*WORK INSTRUCTIONS*
When the line containing "Le Bagatelle" is found in the data below, copy it and each line after it through the line containing "New Balance ✨", exactly and with no others.

Items from a data source:
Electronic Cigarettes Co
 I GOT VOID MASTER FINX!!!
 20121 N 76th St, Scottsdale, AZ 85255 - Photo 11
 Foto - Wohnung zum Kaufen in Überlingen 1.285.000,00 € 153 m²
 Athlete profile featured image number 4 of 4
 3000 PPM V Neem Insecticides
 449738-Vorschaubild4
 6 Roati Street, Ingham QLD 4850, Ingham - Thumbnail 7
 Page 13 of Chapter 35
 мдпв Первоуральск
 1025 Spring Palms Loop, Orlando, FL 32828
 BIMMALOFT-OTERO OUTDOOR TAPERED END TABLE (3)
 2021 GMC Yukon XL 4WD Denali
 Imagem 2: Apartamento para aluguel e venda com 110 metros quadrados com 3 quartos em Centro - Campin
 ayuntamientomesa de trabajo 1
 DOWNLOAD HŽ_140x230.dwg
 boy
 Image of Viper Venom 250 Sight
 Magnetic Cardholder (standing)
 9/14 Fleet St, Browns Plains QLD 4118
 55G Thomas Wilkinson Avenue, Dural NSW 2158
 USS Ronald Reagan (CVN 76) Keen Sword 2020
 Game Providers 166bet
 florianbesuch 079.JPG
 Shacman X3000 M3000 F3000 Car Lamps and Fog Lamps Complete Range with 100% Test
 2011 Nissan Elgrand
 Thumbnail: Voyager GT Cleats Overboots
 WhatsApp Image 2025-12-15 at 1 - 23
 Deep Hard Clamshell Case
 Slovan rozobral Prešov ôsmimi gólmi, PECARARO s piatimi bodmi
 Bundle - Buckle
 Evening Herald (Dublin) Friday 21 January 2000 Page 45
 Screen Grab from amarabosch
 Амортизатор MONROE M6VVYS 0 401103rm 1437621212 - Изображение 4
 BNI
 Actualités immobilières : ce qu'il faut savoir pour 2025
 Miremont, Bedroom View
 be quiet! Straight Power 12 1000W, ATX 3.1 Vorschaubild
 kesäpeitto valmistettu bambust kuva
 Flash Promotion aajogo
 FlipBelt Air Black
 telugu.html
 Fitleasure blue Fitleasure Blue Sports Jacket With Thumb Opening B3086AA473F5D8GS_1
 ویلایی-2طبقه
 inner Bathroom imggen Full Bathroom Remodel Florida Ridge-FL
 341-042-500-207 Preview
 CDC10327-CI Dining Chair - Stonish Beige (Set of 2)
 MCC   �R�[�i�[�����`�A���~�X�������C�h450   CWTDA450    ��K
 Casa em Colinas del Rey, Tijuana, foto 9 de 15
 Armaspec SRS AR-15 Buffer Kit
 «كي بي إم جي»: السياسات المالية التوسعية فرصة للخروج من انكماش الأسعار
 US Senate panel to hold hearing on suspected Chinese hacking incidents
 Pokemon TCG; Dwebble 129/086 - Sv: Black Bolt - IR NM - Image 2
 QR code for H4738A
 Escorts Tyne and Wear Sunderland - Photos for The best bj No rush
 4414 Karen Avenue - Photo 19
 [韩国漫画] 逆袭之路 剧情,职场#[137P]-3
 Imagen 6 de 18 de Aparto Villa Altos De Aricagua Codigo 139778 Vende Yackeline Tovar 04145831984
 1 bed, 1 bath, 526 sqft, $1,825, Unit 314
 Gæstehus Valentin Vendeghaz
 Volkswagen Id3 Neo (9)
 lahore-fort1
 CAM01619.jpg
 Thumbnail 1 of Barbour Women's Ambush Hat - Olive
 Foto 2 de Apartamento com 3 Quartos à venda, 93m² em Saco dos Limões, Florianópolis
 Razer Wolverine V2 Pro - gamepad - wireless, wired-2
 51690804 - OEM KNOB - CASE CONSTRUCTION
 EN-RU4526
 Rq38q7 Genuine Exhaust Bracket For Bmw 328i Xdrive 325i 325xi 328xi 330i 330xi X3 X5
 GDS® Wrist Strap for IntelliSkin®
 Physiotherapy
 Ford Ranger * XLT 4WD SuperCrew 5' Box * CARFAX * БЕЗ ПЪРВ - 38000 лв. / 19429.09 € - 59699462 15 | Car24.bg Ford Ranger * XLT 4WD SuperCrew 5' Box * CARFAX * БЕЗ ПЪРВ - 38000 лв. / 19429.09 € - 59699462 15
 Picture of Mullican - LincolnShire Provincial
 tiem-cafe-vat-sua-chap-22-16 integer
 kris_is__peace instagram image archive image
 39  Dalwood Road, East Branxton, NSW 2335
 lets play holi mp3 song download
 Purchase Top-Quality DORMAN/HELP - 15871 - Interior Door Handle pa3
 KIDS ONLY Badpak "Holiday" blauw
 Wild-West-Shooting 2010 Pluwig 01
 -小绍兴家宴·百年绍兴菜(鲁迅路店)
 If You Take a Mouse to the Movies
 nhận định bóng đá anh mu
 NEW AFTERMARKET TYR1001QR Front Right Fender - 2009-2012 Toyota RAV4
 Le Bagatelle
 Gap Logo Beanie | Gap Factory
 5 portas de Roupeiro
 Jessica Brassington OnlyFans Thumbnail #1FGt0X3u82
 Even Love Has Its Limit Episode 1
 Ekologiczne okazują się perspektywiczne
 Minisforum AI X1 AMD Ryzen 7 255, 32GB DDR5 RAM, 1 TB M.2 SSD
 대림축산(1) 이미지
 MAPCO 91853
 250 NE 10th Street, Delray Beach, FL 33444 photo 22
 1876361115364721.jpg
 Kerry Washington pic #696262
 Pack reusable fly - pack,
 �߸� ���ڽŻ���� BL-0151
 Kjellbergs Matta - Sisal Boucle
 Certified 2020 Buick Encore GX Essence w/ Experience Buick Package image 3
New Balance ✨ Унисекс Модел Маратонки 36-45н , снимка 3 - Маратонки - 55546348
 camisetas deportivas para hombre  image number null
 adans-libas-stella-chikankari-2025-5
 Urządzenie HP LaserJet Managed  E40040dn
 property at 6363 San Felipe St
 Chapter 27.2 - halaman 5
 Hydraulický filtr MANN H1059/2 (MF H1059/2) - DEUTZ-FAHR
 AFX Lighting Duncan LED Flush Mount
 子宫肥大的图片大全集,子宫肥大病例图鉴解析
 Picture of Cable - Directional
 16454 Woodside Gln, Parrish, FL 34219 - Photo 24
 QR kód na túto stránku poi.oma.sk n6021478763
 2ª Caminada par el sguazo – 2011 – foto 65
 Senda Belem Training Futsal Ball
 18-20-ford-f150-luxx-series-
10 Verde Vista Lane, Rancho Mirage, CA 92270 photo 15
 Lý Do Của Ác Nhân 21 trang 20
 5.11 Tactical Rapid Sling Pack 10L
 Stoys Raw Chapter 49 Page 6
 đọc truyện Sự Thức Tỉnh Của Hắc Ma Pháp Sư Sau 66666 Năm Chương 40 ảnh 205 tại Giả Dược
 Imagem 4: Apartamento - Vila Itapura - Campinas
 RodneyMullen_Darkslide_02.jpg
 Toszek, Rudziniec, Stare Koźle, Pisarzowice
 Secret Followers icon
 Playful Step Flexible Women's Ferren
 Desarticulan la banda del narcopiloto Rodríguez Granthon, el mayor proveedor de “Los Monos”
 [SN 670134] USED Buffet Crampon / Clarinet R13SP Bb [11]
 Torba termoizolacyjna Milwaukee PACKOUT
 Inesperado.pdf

*ANSWER BOX*
 Le Bagatelle
 Gap Logo Beanie | Gap Factory
 5 portas de Roupeiro
 Jessica Brassington OnlyFans Thumbnail #1FGt0X3u82
 Even Love Has Its Limit Episode 1
 Ekologiczne okazują się perspektywiczne
 Minisforum AI X1 AMD Ryzen 7 255, 32GB DDR5 RAM, 1 TB M.2 SSD
 대림축산(1) 이미지
 MAPCO 91853
 250 NE 10th Street, Delray Beach, FL 33444 photo 22
 1876361115364721.jpg
 Kerry Washington pic #696262
 Pack reusable fly - pack,
 �߸� ���ڽŻ���� BL-0151
 Kjellbergs Matta - Sisal Boucle
 Certified 2020 Buick Encore GX Essence w/ Experience Buick Package image 3
New Balance ✨ Унисекс Модел Маратонки 36-45н , снимка 3 - Маратонки - 55546348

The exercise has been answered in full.